**Task instructions**
Your job is to give again, exactly and with no additions, the lines in the records below from the one with "bedroom featuring light" through the one with "two charms online", both included. Omit the pictures.
** Opening Exercise data block **
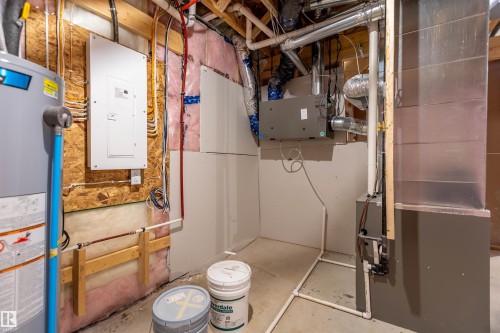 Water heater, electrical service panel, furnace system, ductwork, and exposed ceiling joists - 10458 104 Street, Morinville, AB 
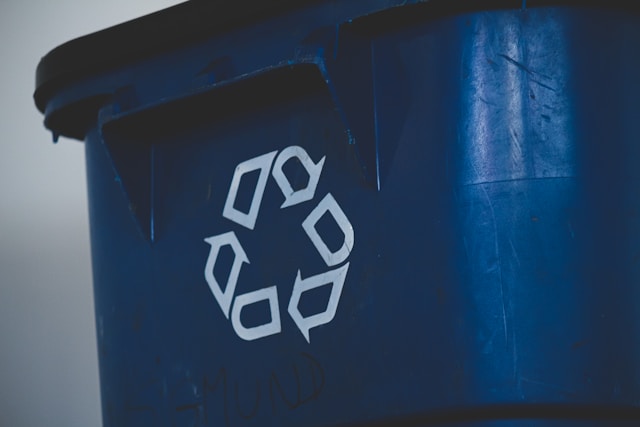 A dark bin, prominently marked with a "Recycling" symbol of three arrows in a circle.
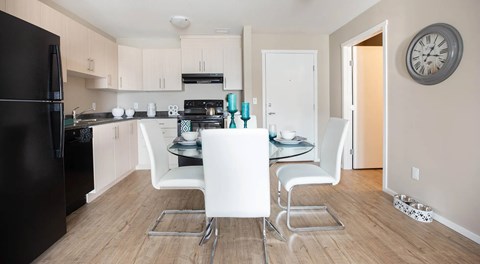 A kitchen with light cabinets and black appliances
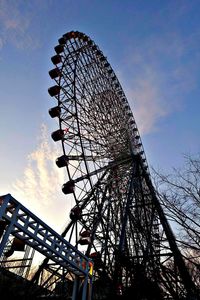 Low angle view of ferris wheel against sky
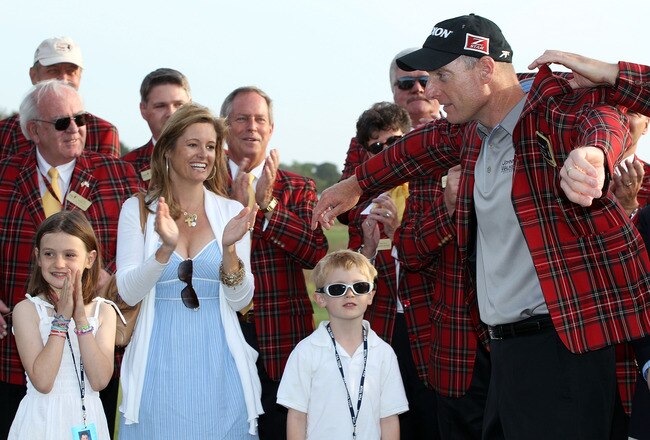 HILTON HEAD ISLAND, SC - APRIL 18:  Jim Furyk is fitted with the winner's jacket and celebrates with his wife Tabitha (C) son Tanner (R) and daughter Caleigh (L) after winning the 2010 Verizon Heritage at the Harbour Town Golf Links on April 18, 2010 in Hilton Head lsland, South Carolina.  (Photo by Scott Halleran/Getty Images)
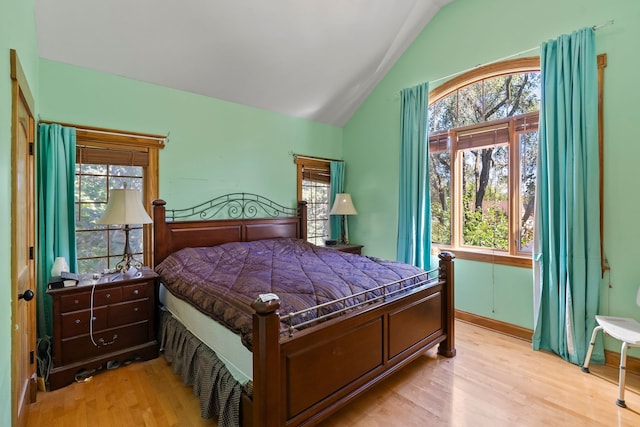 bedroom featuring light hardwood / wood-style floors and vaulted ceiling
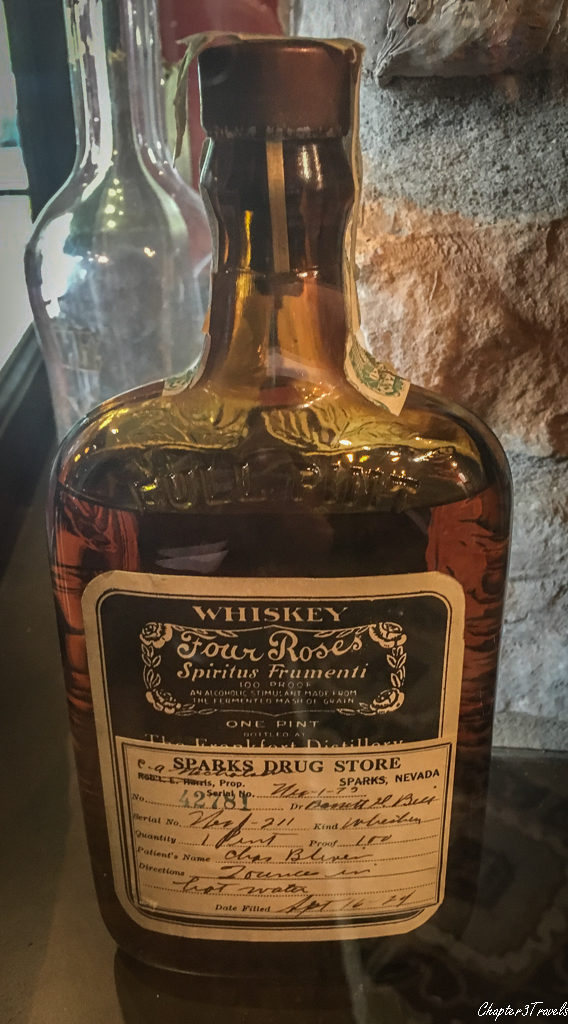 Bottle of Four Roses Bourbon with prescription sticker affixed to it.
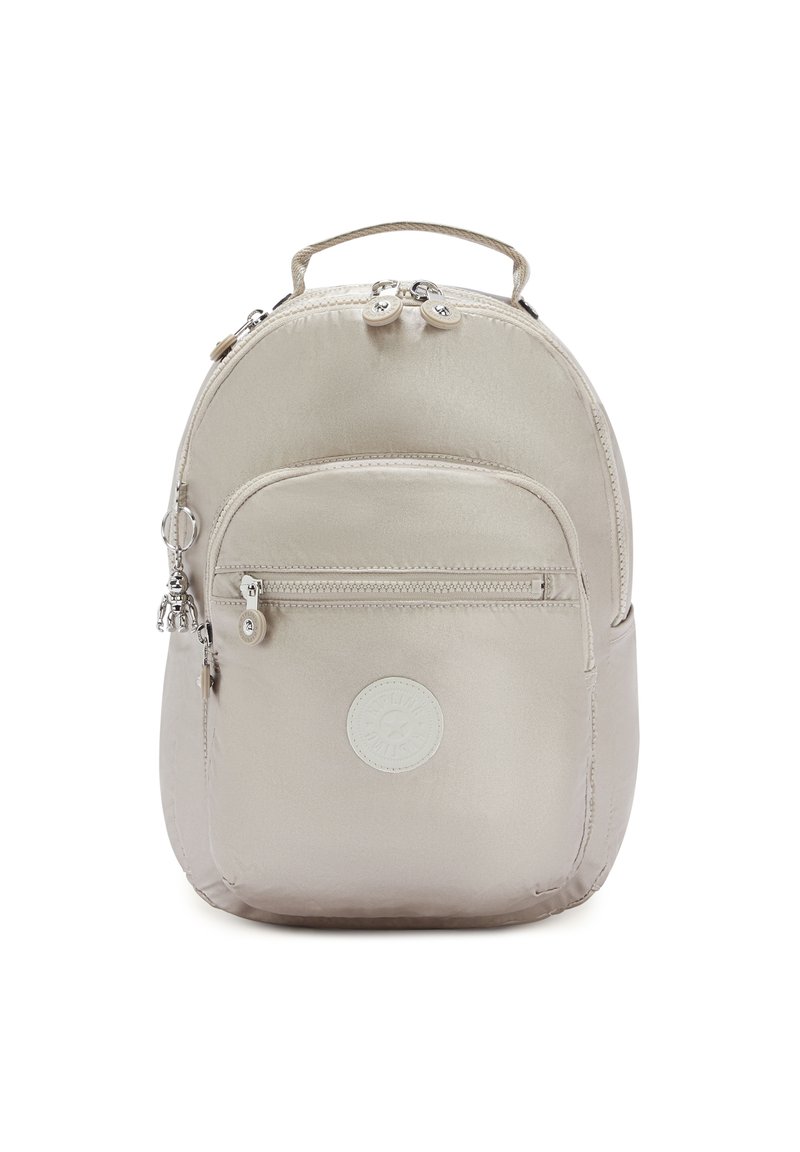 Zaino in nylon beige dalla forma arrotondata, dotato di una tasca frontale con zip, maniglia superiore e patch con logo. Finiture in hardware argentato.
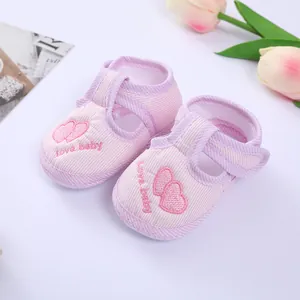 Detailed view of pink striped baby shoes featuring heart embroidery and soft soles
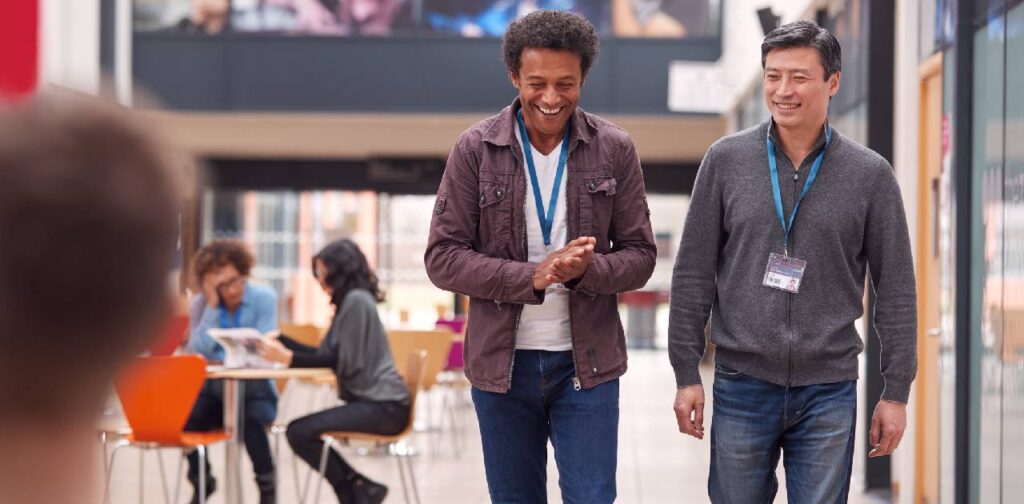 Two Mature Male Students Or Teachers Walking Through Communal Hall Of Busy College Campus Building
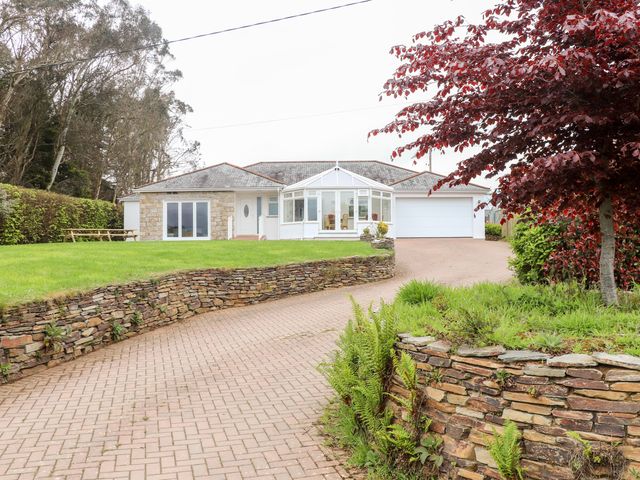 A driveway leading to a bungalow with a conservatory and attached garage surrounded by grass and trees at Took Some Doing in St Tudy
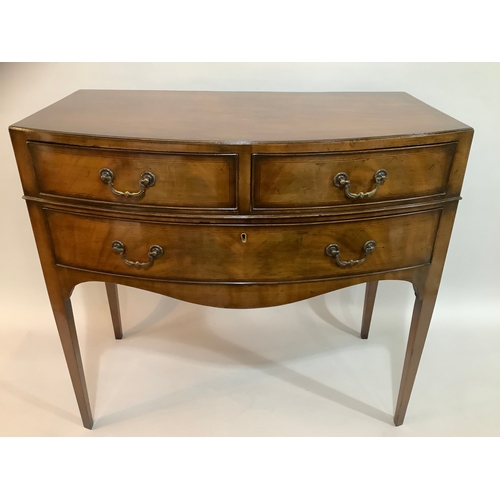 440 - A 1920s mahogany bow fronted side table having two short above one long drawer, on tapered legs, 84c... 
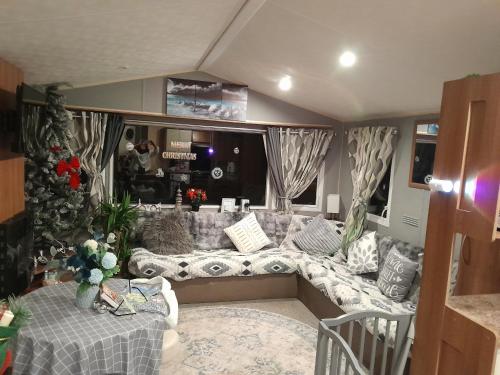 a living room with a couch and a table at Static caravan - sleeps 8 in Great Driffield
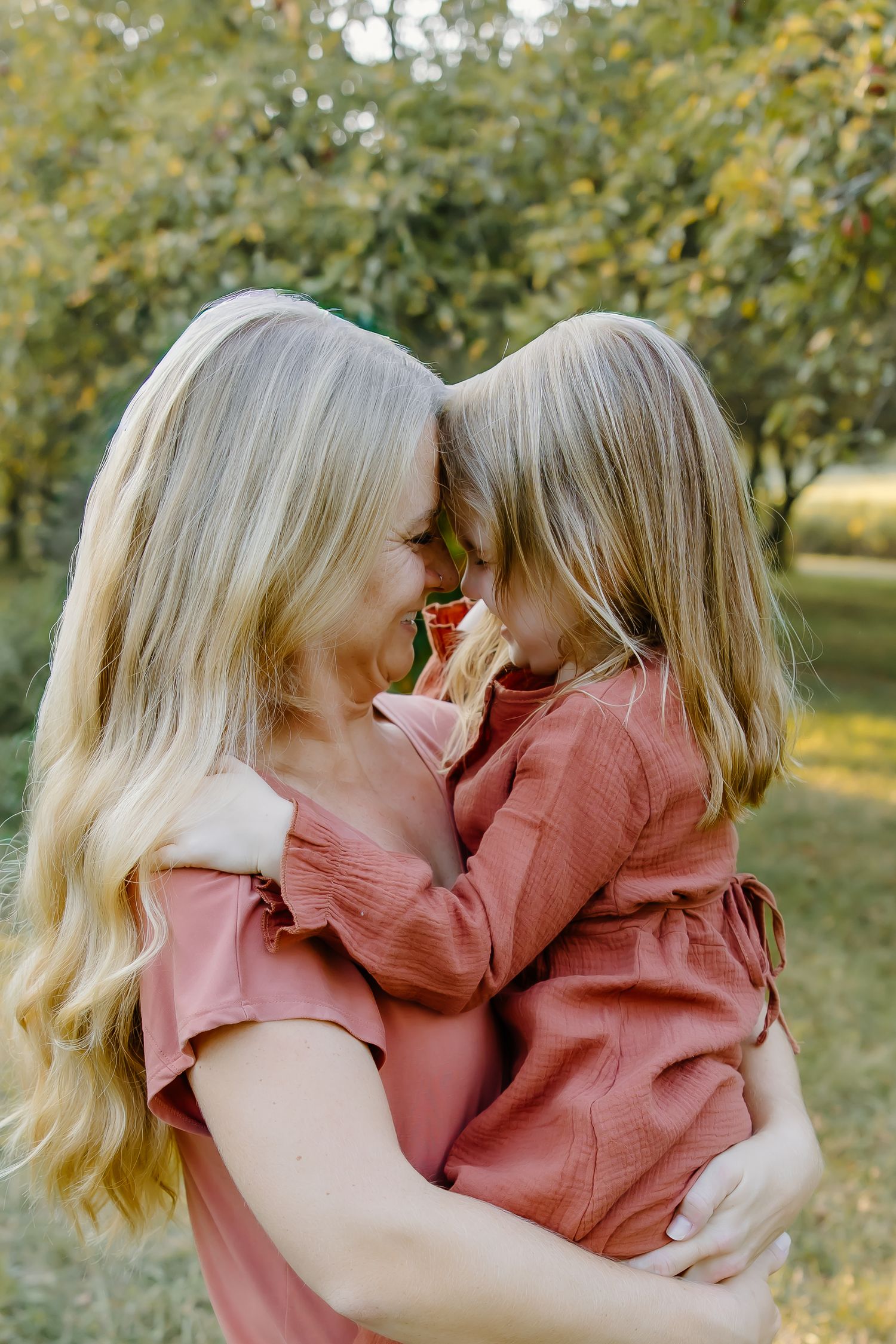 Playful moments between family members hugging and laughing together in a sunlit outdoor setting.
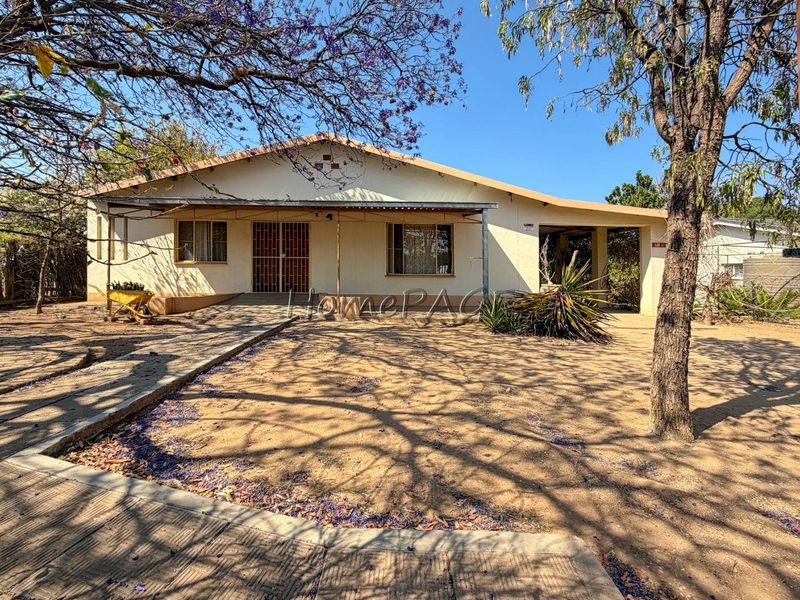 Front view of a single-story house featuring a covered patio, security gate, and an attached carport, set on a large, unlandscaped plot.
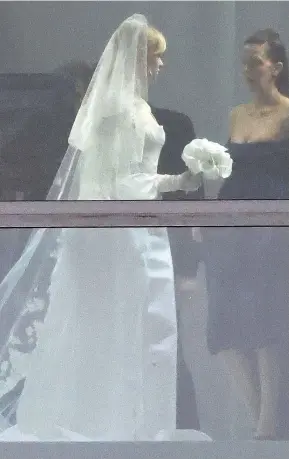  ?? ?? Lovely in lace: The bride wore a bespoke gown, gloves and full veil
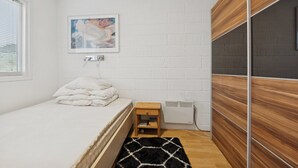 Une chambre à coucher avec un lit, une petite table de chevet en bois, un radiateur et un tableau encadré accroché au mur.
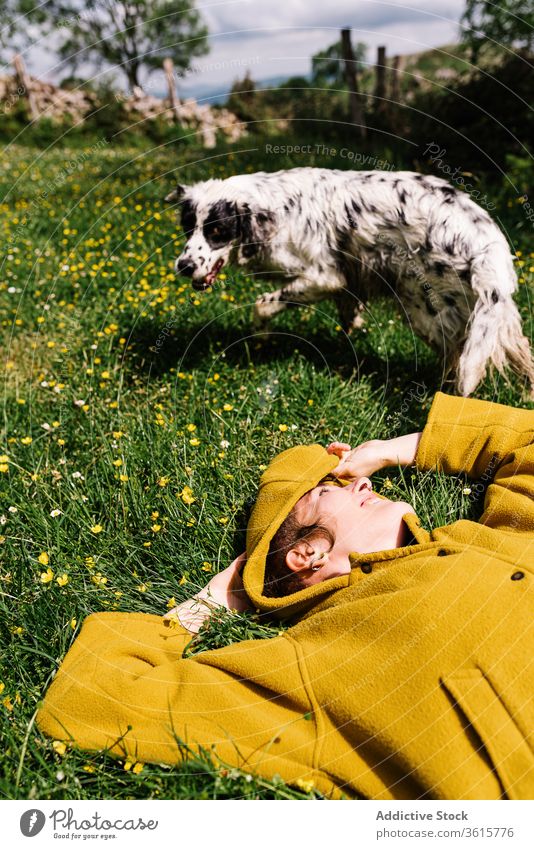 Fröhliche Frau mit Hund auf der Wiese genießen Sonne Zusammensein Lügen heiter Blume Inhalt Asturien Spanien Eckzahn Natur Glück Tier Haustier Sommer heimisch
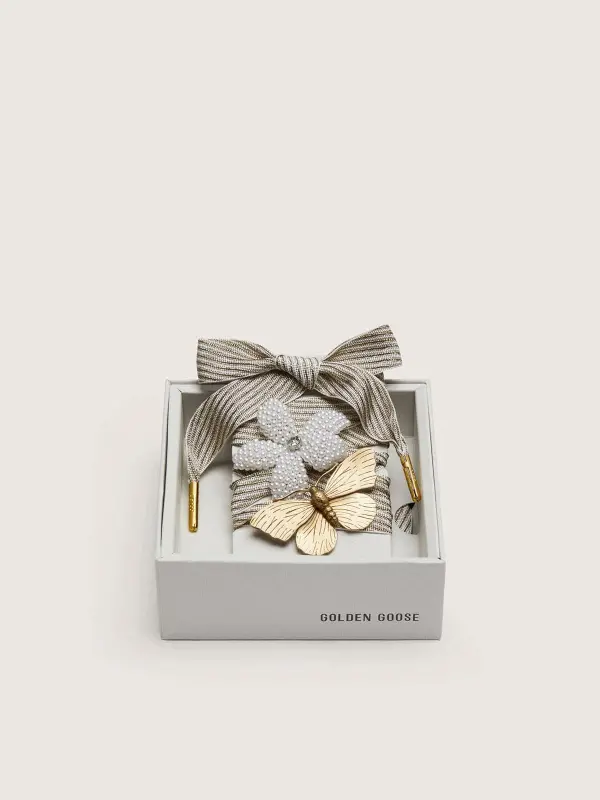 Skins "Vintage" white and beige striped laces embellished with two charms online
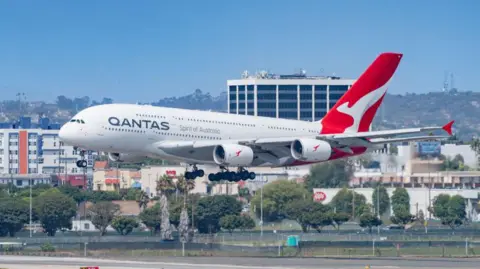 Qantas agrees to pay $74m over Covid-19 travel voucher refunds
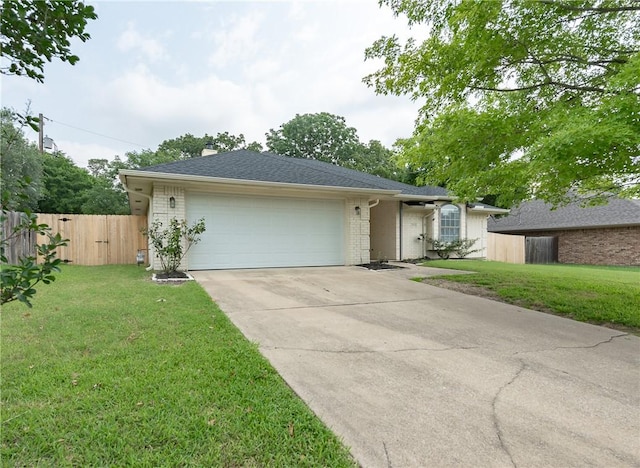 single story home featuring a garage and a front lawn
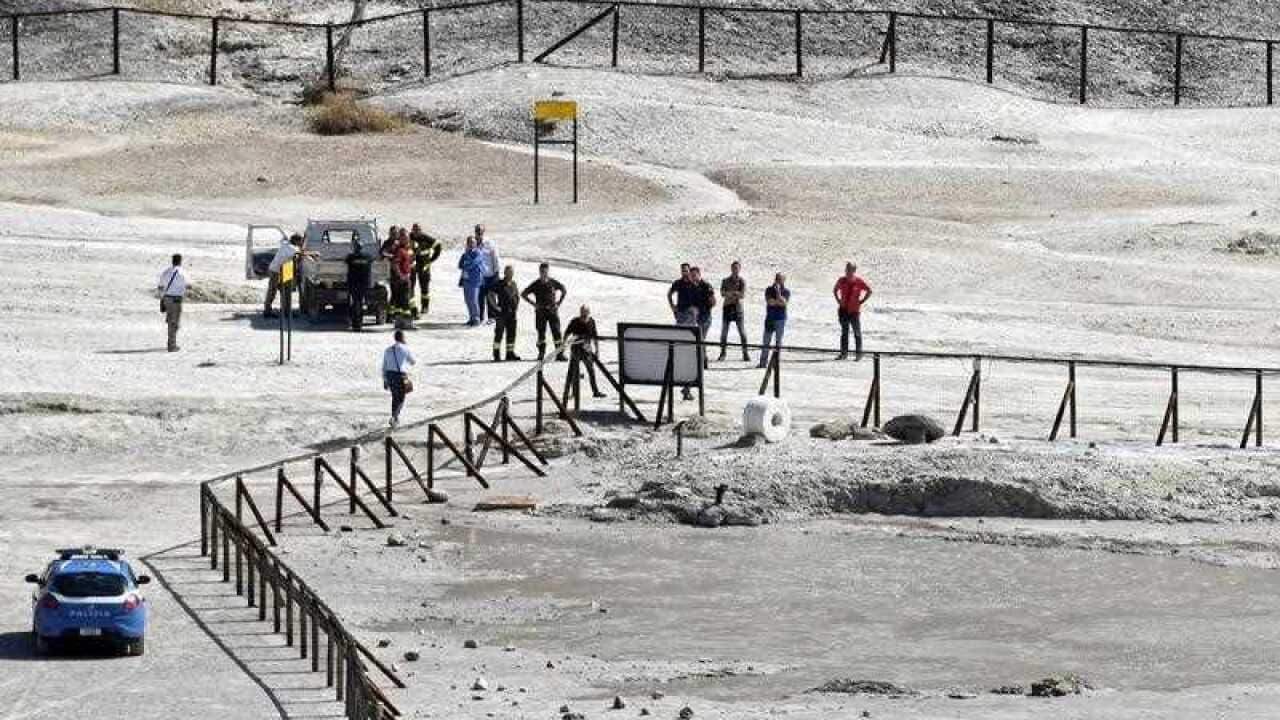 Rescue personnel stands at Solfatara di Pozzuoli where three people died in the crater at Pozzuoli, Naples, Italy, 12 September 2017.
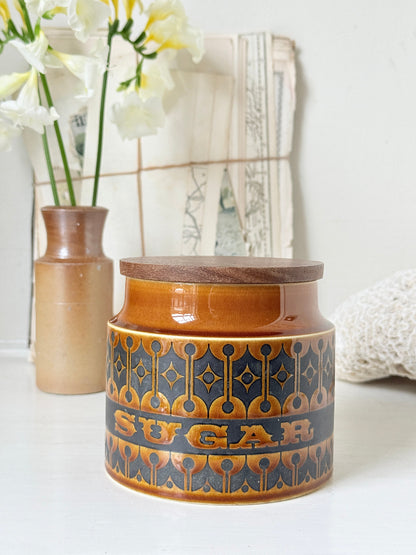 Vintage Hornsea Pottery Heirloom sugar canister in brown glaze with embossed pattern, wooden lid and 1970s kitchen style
** Closing Exercise data block **
**Output of the task**
 bedroom featuring light hardwood / wood-style floors and vaulted ceiling
 Bottle of Four Roses Bourbon with prescription sticker affixed to it.
 Zaino in nylon beige dalla forma arrotondata, dotato di una tasca frontale con zip, maniglia superiore e patch con logo. Finiture in hardware argentato.
 Detailed view of pink striped baby shoes featuring heart embroidery and soft soles
 Two Mature Male Students Or Teachers Walking Through Communal Hall Of Busy College Campus Building
 A driveway leading to a bungalow with a conservatory and attached garage surrounded by grass and trees at Took Some Doing in St Tudy
 440 - A 1920s mahogany bow fronted side table having two short above one long drawer, on tapered legs, 84c... 
 a living room with a couch and a table at Static caravan - sleeps 8 in Great Driffield
 Playful moments between family members hugging and laughing together in a sunlit outdoor setting.
 Front view of a single-story house featuring a covered patio, security gate, and an attached carport, set on a large, unlandscaped plot.
  ?? ?? Lovely in lace: The bride wore a bespoke gown, gloves and full veil
 Une chambre à coucher avec un lit, une petite table de chevet en bois, un radiateur et un tableau encadré accroché au mur.
 Fröhliche Frau mit Hund auf der Wiese genießen Sonne Zusammensein Lügen heiter Blume Inhalt Asturien Spanien Eckzahn Natur Glück Tier Haustier Sommer heimisch
 Skins "Vintage" white and beige striped laces embellished with two charms online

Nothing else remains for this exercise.